That box had contained a fine set of daggers, weapons he had carried with him nearly every day of those five hundred years. Until they had been taken from him, along with his freedom

Loki arched a brow. "I am deeply honored to be favored with your company, Lord Fandral," he said, inclining his head very slightly. "You are the first of my erstwhile companions to visit me in my solitude."

"You were only our companion because of Thor," Fandral said, his ordinarily pleasant face stern and dark with dislike. "Were it not for the queen—"

"I know, I know," Loki said, waving a dismissive hand. "Since I doubt you are here for a chat, leave the gift and return to your womanizing. I'm sure the maidens of Asgard—those that remain maidens—are pining for your company."

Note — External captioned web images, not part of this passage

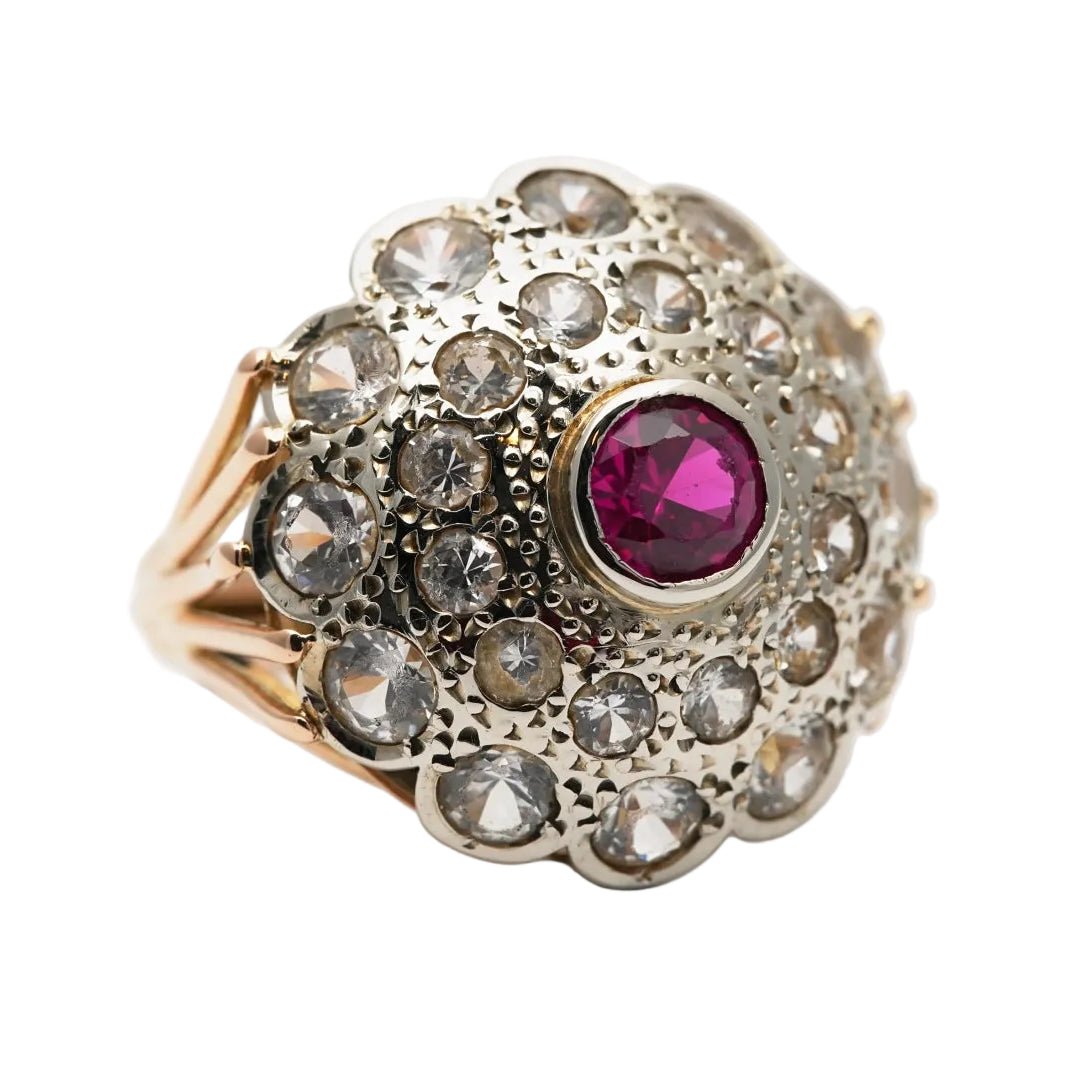 Bague Dôme en or jaune, argent, rubis et saphirs - Castafiore
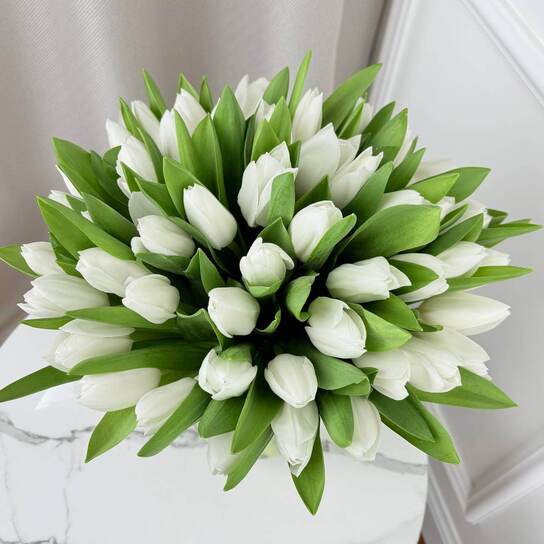 Букет из 51 тюльпана "White" в вазе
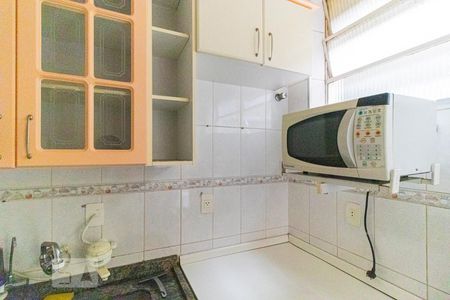Apartamento à venda com 72m², 2 quartos e sem vaga Apartamento à venda com 72m², 2 quartos e sem vagaCozinha - Microondas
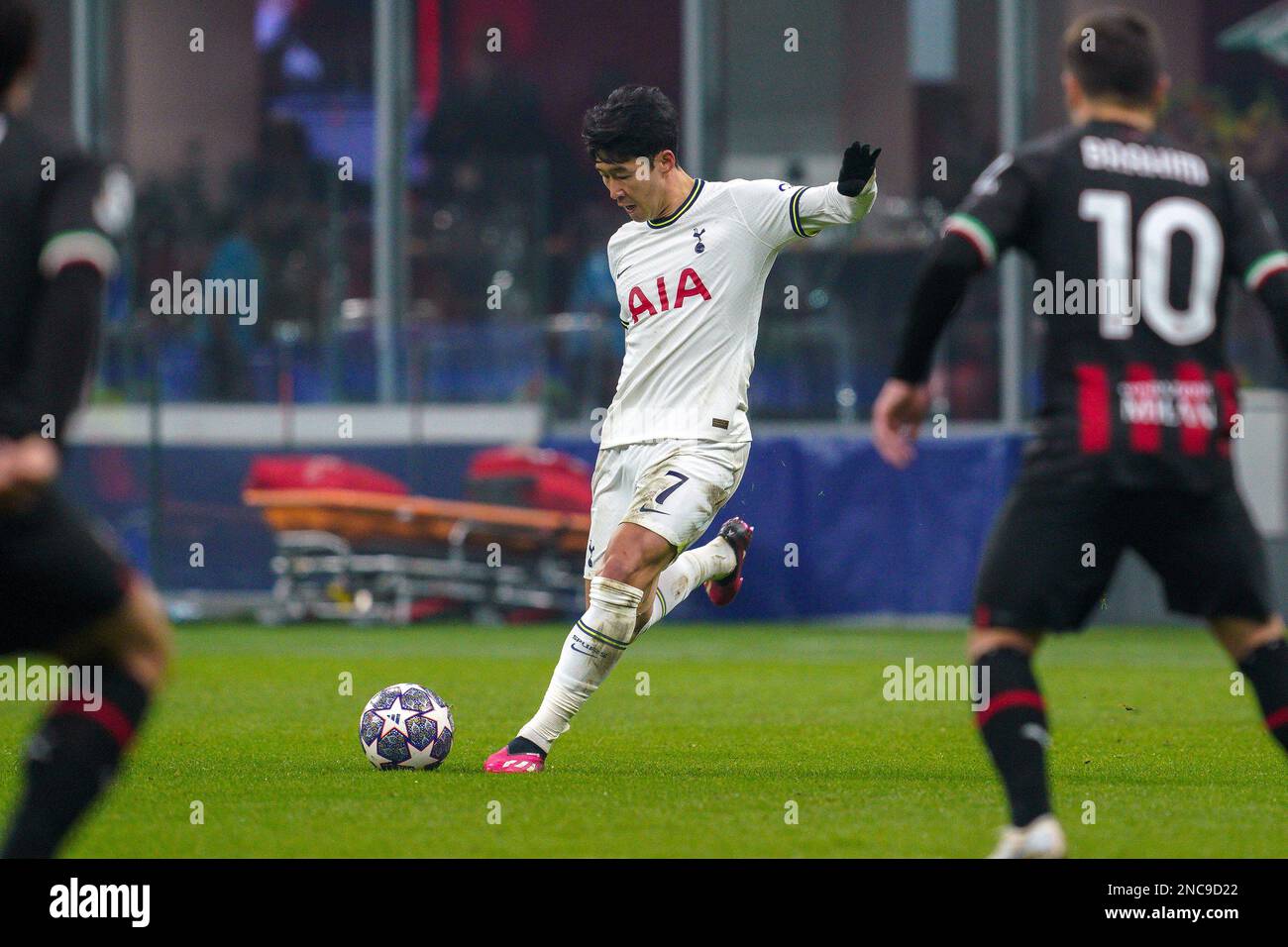 Tottenham Hotspur - AC Milan Live - Champions League: Football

With a long, narrow-eyed look at Loki, Fandral produced a key from inside his tunic. It could neutralize only a very small area of the energy barrier, an area just large enough through which to pass objects of limited size into the cell.

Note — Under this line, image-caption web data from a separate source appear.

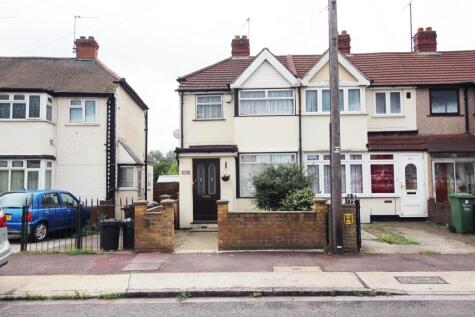 Oval Road South, Dagenham, RM10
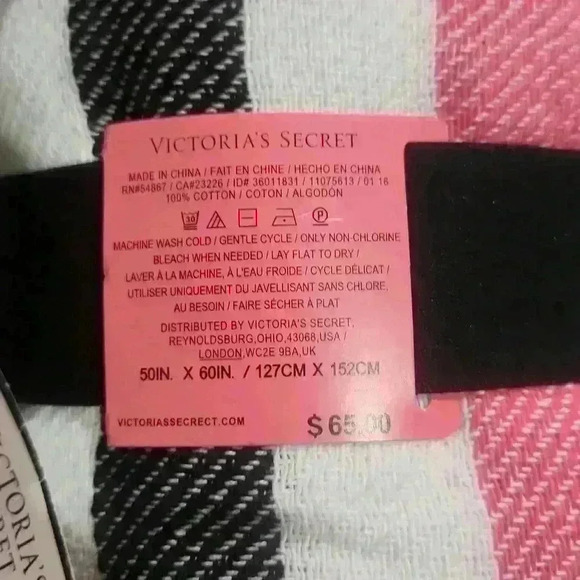 NWT Victoria's Secret Beach Blanket - Picture 4 of 5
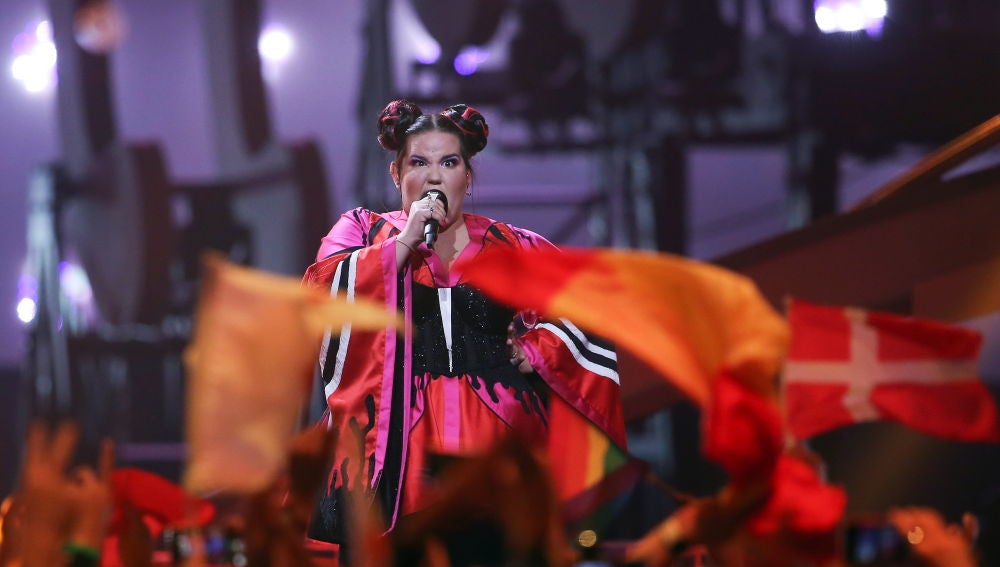Netta canta Toy en representación de Israel y gana Eurovisión 2018.
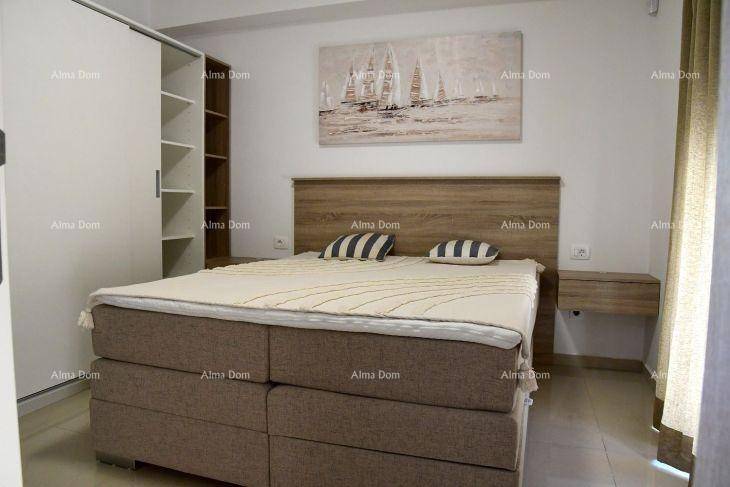 Helles Schlafzimmer mit großem Doppelbett, Schiebetürenschrank und Holzkopfteil.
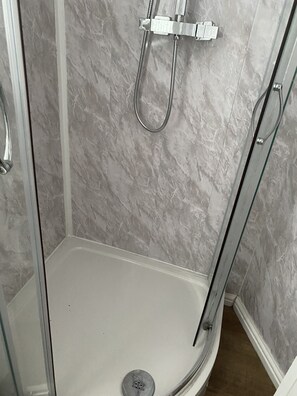 Ferienhaus | Badezimmer | Dusche, Haartrockner, Handtücher, Shampoo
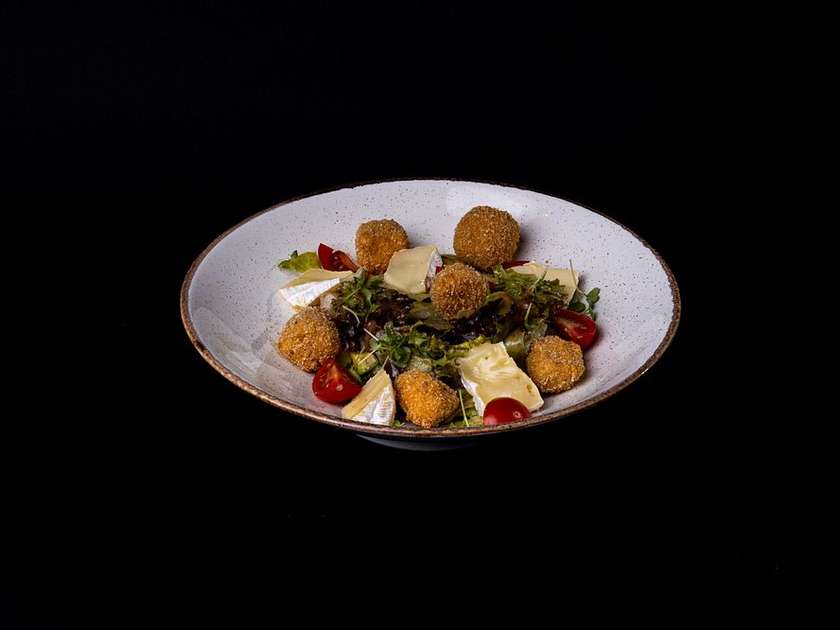 Salmon Panko Salad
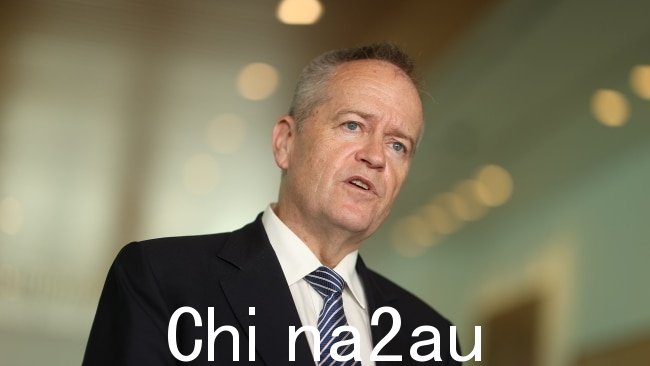 Bill Shorten 猛烈抨击了“功能失调”和“长期不和”的王室，因为他重新点燃了要求澳大利亚成为共和国的呼声。图片：NCA NewsWire / Gary Ramage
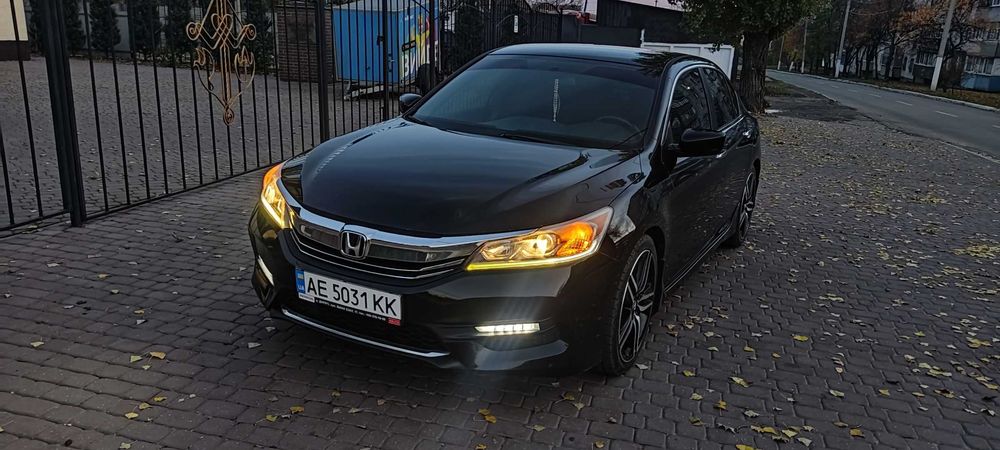 Honda Accord 9 (Рестайлинг)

As always, Loki weighed his chances, his gaze sweeping over the raised weapons of Fandral's men. He had already tried working at the weak spot in the barrier, to not avail. He would not make a fool of himself by trying now. Not in front of this whoring fool.

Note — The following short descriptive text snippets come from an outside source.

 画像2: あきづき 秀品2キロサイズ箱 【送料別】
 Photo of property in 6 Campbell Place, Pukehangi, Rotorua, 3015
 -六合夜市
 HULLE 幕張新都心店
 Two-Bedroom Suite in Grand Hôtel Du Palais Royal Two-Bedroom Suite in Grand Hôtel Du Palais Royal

Never quite taking his eyes from Loki, Fandral deactivated the small section of the barrier and pushed the box through. He locked the "door" quickly and backed away as if he expected Loki to turn to smoke and flow through the opening like a serpent out of its hole.

"Is bold Fandral afraid of a helpless prisoner?" Loki asked, clasping his hands behind his back.

Fandral straightened, his eyes spitting hatred. "Of you? Asgard has nothing to fear from you. And when you finally die, there will be a celebration such as this realm has never known."

Loki cocked his head. "Are you so certain of that? I am not so isolated here that I have not heard of the fighting. What will become of Asgard if both its king and his heir die defending the realm?"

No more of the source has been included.